[Source data]
==============================

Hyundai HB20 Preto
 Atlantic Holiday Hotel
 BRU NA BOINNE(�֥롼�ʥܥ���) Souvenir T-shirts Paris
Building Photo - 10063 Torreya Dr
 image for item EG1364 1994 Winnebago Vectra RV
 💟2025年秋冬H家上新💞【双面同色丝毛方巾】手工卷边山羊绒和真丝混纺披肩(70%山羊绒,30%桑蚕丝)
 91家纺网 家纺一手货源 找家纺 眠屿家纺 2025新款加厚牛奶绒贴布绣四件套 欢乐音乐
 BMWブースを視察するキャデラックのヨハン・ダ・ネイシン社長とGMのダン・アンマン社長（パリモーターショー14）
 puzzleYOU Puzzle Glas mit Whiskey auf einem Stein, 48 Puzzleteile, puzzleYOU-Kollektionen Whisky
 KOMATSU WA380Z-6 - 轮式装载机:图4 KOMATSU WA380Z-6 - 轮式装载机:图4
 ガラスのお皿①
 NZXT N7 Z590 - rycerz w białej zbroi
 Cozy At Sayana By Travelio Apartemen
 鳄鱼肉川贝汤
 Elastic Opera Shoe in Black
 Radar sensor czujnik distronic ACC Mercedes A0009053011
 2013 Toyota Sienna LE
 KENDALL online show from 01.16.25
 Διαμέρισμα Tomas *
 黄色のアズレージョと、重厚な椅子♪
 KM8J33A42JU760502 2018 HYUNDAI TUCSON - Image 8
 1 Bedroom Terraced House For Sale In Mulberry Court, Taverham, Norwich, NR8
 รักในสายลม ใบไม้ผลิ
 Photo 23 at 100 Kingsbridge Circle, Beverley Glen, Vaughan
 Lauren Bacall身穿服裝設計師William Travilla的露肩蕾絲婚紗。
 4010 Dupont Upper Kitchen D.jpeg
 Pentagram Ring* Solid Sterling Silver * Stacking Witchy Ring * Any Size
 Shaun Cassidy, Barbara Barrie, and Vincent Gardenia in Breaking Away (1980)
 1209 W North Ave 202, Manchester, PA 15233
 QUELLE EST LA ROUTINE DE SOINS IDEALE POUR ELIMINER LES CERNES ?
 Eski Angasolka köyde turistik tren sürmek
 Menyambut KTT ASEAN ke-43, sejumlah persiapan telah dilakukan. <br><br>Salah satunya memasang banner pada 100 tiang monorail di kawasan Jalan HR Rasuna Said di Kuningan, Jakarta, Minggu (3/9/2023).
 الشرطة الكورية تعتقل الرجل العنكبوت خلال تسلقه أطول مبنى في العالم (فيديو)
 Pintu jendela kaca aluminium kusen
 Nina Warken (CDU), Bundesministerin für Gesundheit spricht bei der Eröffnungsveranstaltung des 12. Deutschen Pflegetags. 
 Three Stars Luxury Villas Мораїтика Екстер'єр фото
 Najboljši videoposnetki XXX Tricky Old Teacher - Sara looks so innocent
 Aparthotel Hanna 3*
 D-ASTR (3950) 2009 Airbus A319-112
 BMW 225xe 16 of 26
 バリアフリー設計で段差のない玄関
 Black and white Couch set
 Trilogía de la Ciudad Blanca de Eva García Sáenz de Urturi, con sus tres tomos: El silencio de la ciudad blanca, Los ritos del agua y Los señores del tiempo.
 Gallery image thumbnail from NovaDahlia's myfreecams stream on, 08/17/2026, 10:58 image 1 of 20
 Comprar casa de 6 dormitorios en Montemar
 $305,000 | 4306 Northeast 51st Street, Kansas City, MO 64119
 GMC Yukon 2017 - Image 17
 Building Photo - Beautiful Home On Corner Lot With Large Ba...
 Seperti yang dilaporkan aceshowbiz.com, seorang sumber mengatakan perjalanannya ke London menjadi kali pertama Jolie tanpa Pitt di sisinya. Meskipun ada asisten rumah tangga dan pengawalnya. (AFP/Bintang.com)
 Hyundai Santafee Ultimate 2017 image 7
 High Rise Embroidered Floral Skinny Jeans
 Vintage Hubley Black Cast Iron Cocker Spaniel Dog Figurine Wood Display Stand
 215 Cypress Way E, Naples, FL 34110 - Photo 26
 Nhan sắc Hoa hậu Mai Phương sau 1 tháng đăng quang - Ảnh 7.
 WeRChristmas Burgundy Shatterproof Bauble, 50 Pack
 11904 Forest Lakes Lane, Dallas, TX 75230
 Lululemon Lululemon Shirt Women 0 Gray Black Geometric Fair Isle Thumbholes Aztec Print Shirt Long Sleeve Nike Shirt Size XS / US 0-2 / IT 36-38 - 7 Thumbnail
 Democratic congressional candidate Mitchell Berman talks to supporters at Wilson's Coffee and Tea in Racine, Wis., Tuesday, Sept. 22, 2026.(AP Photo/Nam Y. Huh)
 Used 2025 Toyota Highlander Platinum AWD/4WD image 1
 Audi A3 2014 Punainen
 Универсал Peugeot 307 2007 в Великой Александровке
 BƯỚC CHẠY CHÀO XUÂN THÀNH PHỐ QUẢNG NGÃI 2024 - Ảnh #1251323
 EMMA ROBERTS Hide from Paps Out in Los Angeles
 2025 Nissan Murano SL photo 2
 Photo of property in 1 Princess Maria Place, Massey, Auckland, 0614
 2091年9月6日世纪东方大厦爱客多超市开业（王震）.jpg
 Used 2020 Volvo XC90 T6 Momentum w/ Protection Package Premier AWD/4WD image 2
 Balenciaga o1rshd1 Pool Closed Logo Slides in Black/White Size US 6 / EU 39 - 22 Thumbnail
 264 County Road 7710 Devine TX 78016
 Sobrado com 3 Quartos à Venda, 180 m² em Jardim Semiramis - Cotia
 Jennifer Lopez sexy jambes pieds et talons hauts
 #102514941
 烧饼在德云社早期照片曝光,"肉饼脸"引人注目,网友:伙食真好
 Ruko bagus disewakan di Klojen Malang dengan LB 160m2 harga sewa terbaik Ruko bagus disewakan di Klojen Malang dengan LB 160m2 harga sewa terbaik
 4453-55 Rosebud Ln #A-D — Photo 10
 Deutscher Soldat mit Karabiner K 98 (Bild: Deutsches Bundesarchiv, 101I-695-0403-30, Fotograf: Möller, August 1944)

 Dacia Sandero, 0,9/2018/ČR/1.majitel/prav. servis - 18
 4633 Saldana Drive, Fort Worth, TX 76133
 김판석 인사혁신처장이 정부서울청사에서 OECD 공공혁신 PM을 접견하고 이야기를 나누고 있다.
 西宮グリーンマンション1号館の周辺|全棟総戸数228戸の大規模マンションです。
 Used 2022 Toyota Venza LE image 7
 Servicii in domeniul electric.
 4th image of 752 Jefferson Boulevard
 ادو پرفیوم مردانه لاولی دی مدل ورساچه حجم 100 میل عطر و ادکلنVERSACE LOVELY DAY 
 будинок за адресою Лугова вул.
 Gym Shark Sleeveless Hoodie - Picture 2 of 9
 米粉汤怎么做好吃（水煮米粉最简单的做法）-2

==============================

■ What needs to be done
Go through the records and copy each one exactly.

■ Task solution
Hyundai HB20 Preto
 Atlantic Holiday Hotel
 BRU NA BOINNE(�֥롼�ʥܥ���) Souvenir T-shirts Paris
Building Photo - 10063 Torreya Dr
 image for item EG1364 1994 Winnebago Vectra RV
 💟2025年秋冬H家上新💞【双面同色丝毛方巾】手工卷边山羊绒和真丝混纺披肩(70%山羊绒,30%桑蚕丝)
 91家纺网 家纺一手货源 找家纺 眠屿家纺 2025新款加厚牛奶绒贴布绣四件套 欢乐音乐
 BMWブースを視察するキャデラックのヨハン・ダ・ネイシン社長とGMのダン・アンマン社長（パリモーターショー14）
 puzzleYOU Puzzle Glas mit Whiskey auf einem Stein, 48 Puzzleteile, puzzleYOU-Kollektionen Whisky
 KOMATSU WA380Z-6 - 轮式装载机:图4 KOMATSU WA380Z-6 - 轮式装载机:图4
 ガラスのお皿①
 NZXT N7 Z590 - rycerz w białej zbroi
 Cozy At Sayana By Travelio Apartemen
 鳄鱼肉川贝汤
 Elastic Opera Shoe in Black
 Radar sensor czujnik distronic ACC Mercedes A0009053011
 2013 Toyota Sienna LE
 KENDALL online show from 01.16.25
 Διαμέρισμα Tomas *
 黄色のアズレージョと、重厚な椅子♪
 KM8J33A42JU760502 2018 HYUNDAI TUCSON - Image 8
 1 Bedroom Terraced House For Sale In Mulberry Court, Taverham, Norwich, NR8
 รักในสายลม ใบไม้ผลิ
 Photo 23 at 100 Kingsbridge Circle, Beverley Glen, Vaughan
 Lauren Bacall身穿服裝設計師William Travilla的露肩蕾絲婚紗。
 4010 Dupont Upper Kitchen D.jpeg
 Pentagram Ring* Solid Sterling Silver * Stacking Witchy Ring * Any Size
 Shaun Cassidy, Barbara Barrie, and Vincent Gardenia in Breaking Away (1980)
 1209 W North Ave 202, Manchester, PA 15233
 QUELLE EST LA ROUTINE DE SOINS IDEALE POUR ELIMINER LES CERNES ?
 Eski Angasolka köyde turistik tren sürmek
 Menyambut KTT ASEAN ke-43, sejumlah persiapan telah dilakukan. <br><br>Salah satunya memasang banner pada 100 tiang monorail di kawasan Jalan HR Rasuna Said di Kuningan, Jakarta, Minggu (3/9/2023).
 الشرطة الكورية تعتقل الرجل العنكبوت خلال تسلقه أطول مبنى في العالم (فيديو)
 Pintu jendela kaca aluminium kusen
 Nina Warken (CDU), Bundesministerin für Gesundheit spricht bei der Eröffnungsveranstaltung des 12. Deutschen Pflegetags. 
 Three Stars Luxury Villas Мораїтика Екстер'єр фото
 Najboljši videoposnetki XXX Tricky Old Teacher - Sara looks so innocent
 Aparthotel Hanna 3*
 D-ASTR (3950) 2009 Airbus A319-112
 BMW 225xe 16 of 26
 バリアフリー設計で段差のない玄関
 Black and white Couch set
 Trilogía de la Ciudad Blanca de Eva García Sáenz de Urturi, con sus tres tomos: El silencio de la ciudad blanca, Los ritos del agua y Los señores del tiempo.
 Gallery image thumbnail from NovaDahlia's myfreecams stream on, 08/17/2026, 10:58 image 1 of 20
 Comprar casa de 6 dormitorios en Montemar
 $305,000 | 4306 Northeast 51st Street, Kansas City, MO 64119
 GMC Yukon 2017 - Image 17
 Building Photo - Beautiful Home On Corner Lot With Large Ba...
 Seperti yang dilaporkan aceshowbiz.com, seorang sumber mengatakan perjalanannya ke London menjadi kali pertama Jolie tanpa Pitt di sisinya. Meskipun ada asisten rumah tangga dan pengawalnya. (AFP/Bintang.com)
 Hyundai Santafee Ultimate 2017 image 7
 High Rise Embroidered Floral Skinny Jeans
 Vintage Hubley Black Cast Iron Cocker Spaniel Dog Figurine Wood Display Stand
 215 Cypress Way E, Naples, FL 34110 - Photo 26
 Nhan sắc Hoa hậu Mai Phương sau 1 tháng đăng quang - Ảnh 7.
 WeRChristmas Burgundy Shatterproof Bauble, 50 Pack
 11904 Forest Lakes Lane, Dallas, TX 75230
 Lululemon Lululemon Shirt Women 0 Gray Black Geometric Fair Isle Thumbholes Aztec Print Shirt Long Sleeve Nike Shirt Size XS / US 0-2 / IT 36-38 - 7 Thumbnail
 Democratic congressional candidate Mitchell Berman talks to supporters at Wilson's Coffee and Tea in Racine, Wis., Tuesday, Sept. 22, 2026.(AP Photo/Nam Y. Huh)
 Used 2025 Toyota Highlander Platinum AWD/4WD image 1
 Audi A3 2014 Punainen
 Универсал Peugeot 307 2007 в Великой Александровке
 BƯỚC CHẠY CHÀO XUÂN THÀNH PHỐ QUẢNG NGÃI 2024 - Ảnh #1251323
 EMMA ROBERTS Hide from Paps Out in Los Angeles
 2025 Nissan Murano SL photo 2
 Photo of property in 1 Princess Maria Place, Massey, Auckland, 0614
 2091年9月6日世纪东方大厦爱客多超市开业（王震）.jpg
 Used 2020 Volvo XC90 T6 Momentum w/ Protection Package Premier AWD/4WD image 2
 Balenciaga o1rshd1 Pool Closed Logo Slides in Black/White Size US 6 / EU 39 - 22 Thumbnail
 264 County Road 7710 Devine TX 78016
 Sobrado com 3 Quartos à Venda, 180 m² em Jardim Semiramis - Cotia
 Jennifer Lopez sexy jambes pieds et talons hauts
 #102514941
 烧饼在德云社早期照片曝光,"肉饼脸"引人注目,网友:伙食真好
 Ruko bagus disewakan di Klojen Malang dengan LB 160m2 harga sewa terbaik Ruko bagus disewakan di Klojen Malang dengan LB 160m2 harga sewa terbaik
 4453-55 Rosebud Ln #A-D — Photo 10
 Deutscher Soldat mit Karabiner K 98 (Bild: Deutsches Bundesarchiv, 101I-695-0403-30, Fotograf: Möller, August 1944)

 Dacia Sandero, 0,9/2018/ČR/1.majitel/prav. servis - 18
 4633 Saldana Drive, Fort Worth, TX 76133
 김판석 인사혁신처장이 정부서울청사에서 OECD 공공혁신 PM을 접견하고 이야기를 나누고 있다.
 西宮グリーンマンション1号館の周辺|全棟総戸数228戸の大規模マンションです。
 Used 2022 Toyota Venza LE image 7
 Servicii in domeniul electric.
 4th image of 752 Jefferson Boulevard
 ادو پرفیوم مردانه لاولی دی مدل ورساچه حجم 100 میل عطر و ادکلنVERSACE LOVELY DAY 
 будинок за адресою Лугова вул.
 Gym Shark Sleeveless Hoodie - Picture 2 of 9
 米粉汤怎么做好吃（水煮米粉最简单的做法）-2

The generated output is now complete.